Disappointments of 2007 fail to faze the Middle East

While it has been a year of growing uncertainty for the global airfreight market, interest and activity in the Middle East industry has on the surface continued to excel.
Disappointments of 2007 fail to faze the Middle East
By Alex Hawkes
Sat 01 Dec 2007 04:00 AM

While it has been a year of growing uncertainty for the global airfreight market, interest and activity in the Middle East industry has on the surface continued to excel.

In this month's edition of Air Cargo Middle East & India, leading cargo airlines share their thoughts and reservations on the current conditions of the industry. Confronted by the uncomfortable pressure of faltering economies in the US and Europe, many are nervously eyeing the future and preparing for the stone cold reality that capacity could continue to outstrip overall demand.

The general consensus seems to be that pushing the panic button just yet would be premature. Warning signs have surfaced throughout the year - the constant announcements from airlines increasing fuel surcharges or growing public scrutiny towards the industry's environmental impact - but as proven in the past, the airfreight market is only as healthy as the economy it operates within. If the euro and especially the dollar recover next year, business plans will immediately differ.

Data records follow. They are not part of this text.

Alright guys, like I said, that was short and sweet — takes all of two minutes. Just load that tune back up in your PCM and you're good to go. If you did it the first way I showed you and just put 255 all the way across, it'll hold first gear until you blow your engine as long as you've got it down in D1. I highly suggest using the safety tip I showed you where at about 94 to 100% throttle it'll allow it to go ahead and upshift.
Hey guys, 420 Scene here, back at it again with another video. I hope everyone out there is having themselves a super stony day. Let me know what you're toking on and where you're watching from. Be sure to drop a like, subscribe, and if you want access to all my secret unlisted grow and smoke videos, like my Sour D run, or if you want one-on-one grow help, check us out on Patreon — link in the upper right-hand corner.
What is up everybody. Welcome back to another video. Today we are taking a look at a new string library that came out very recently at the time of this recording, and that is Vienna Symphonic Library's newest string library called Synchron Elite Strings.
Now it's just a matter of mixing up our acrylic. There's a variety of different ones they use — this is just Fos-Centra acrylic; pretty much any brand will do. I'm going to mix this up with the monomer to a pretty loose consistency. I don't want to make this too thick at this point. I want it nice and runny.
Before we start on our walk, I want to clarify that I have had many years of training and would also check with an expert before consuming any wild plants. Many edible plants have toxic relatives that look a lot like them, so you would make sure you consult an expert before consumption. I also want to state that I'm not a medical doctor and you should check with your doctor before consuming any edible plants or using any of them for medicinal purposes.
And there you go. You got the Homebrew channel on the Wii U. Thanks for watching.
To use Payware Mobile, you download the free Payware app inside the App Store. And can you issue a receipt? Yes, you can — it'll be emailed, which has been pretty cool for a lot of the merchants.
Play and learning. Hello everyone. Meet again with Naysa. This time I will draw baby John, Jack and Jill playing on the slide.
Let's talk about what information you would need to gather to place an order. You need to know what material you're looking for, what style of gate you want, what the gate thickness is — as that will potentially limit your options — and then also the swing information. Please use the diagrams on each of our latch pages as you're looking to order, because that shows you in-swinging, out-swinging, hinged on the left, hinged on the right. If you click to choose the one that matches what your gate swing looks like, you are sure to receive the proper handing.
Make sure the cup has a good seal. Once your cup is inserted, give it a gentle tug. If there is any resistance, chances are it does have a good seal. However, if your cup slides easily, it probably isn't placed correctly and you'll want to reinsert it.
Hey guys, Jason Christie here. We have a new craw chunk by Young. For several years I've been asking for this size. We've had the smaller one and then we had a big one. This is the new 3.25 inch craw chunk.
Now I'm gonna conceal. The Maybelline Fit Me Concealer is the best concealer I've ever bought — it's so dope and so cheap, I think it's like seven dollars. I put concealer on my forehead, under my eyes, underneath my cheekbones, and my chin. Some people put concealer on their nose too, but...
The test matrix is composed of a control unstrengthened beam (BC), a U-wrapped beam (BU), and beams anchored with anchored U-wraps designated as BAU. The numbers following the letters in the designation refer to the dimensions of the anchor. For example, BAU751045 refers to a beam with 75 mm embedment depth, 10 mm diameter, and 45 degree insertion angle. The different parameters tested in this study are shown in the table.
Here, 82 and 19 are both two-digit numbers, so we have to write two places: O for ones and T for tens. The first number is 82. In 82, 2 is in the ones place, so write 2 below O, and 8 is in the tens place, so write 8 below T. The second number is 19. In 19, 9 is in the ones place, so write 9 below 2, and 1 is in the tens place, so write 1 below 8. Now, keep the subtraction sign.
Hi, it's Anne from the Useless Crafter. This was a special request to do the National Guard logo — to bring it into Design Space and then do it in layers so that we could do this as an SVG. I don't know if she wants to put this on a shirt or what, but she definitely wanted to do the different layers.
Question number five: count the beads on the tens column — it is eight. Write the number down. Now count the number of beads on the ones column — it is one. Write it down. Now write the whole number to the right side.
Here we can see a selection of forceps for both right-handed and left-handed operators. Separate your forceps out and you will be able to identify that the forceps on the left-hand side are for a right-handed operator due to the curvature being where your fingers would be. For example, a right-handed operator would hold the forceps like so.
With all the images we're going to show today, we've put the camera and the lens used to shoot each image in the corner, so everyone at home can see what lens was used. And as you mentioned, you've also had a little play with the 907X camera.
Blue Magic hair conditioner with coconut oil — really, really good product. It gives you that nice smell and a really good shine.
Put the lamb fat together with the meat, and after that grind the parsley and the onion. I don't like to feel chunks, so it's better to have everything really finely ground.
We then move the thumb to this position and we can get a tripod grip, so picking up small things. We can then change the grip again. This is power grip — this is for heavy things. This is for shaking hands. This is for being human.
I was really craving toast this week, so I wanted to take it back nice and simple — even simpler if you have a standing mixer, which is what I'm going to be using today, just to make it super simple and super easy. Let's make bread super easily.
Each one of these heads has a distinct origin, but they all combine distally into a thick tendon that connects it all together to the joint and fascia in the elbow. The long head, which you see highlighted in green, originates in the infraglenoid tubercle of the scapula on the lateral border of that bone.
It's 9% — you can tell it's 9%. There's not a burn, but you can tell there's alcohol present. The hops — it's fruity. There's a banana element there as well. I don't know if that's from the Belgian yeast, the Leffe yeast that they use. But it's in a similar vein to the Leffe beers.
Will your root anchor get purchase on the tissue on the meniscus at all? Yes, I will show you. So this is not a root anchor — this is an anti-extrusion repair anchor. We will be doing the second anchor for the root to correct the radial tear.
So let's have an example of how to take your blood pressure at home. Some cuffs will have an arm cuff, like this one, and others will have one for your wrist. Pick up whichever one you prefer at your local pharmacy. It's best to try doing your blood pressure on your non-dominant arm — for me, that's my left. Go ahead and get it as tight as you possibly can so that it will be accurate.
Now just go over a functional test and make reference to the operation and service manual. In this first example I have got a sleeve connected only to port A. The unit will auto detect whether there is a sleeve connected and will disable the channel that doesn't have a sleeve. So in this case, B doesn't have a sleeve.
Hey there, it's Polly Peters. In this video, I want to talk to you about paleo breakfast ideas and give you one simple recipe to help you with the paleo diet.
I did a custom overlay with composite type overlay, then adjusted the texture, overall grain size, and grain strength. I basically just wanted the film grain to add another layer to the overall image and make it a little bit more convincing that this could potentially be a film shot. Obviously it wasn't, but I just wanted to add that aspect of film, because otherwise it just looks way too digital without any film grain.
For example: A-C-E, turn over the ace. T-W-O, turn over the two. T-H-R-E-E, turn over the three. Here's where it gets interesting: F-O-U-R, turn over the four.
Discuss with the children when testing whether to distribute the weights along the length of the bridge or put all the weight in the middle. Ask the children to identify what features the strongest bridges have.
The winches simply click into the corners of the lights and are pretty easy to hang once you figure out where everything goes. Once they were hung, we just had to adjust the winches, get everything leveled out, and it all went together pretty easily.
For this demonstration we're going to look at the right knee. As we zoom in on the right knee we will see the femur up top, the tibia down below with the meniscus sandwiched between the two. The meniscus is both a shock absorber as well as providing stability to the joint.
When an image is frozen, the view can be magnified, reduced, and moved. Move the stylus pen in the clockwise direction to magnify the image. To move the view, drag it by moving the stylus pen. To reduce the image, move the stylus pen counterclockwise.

Unfortunately being the most efficient form of transporting goods over long distances means airfreight comes with its additional costs. Quality and value of service aside, cargo operators are at all times aware that if a customer is under financial strain, cutting costs will often begin by evaluating other modes of transport. The flip side of the coin is during times of prosperity investors are immediately attracted to airfreight's obvious time saving qualities.

Experiencing phenomenal growth in 2007, such concerns failed to faze the Middle East. Leading regional players, such as Etihad and Emirates, have continued with fierce expansion policies both in terms of aircrafts and destinations. The year has also seen much bold action from the likes of Oman Air and Royal Jordanian as they set about strengthening their respective national cargo offerings. With a new cargo airline entering the market this very month, it is safe to claim that the threat of capacity outstripping demand does not seem a dominant thought on this side of the globe.

Looking further ahead, the goliath airport that will appear at Jebel Ali is a brave statement to the world that the industry in the Middle East believes demand will only continue to escalate. A record-breaking cargo hub in a way that only Dubai knows how, it reiterates a positive vision of the future, one in which the airfreight market looks sure to thrive.